WHAT TO PRODUCE → Report every line of the listing below in which the string "including" occurs.

EXCERPTED RECORDS →

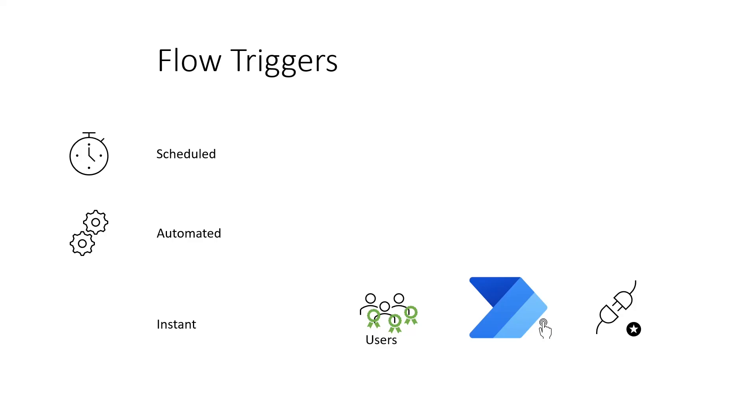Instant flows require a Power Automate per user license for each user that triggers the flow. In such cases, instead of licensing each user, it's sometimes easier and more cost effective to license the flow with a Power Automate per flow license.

==

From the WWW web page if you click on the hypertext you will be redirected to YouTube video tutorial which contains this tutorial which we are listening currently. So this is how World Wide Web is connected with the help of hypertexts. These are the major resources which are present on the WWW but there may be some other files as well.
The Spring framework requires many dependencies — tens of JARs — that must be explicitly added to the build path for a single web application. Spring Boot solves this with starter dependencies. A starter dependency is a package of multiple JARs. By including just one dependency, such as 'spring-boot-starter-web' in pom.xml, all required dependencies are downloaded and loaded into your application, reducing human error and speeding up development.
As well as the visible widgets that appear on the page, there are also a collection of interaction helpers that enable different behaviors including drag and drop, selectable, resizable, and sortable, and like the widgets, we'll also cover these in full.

ANSWER SPACE →
The Spring framework requires many dependencies — tens of JARs — that must be explicitly added to the build path for a single web application. Spring Boot solves this with starter dependencies. A starter dependency is a package of multiple JARs. By including just one dependency, such as 'spring-boot-starter-web' in pom.xml, all required dependencies are downloaded and loaded into your application, reducing human error and speeding up development.
As well as the visible widgets that appear on the page, there are also a collection of interaction helpers that enable different behaviors including drag and drop, selectable, resizable, and sortable, and like the widgets, we'll also cover these in full.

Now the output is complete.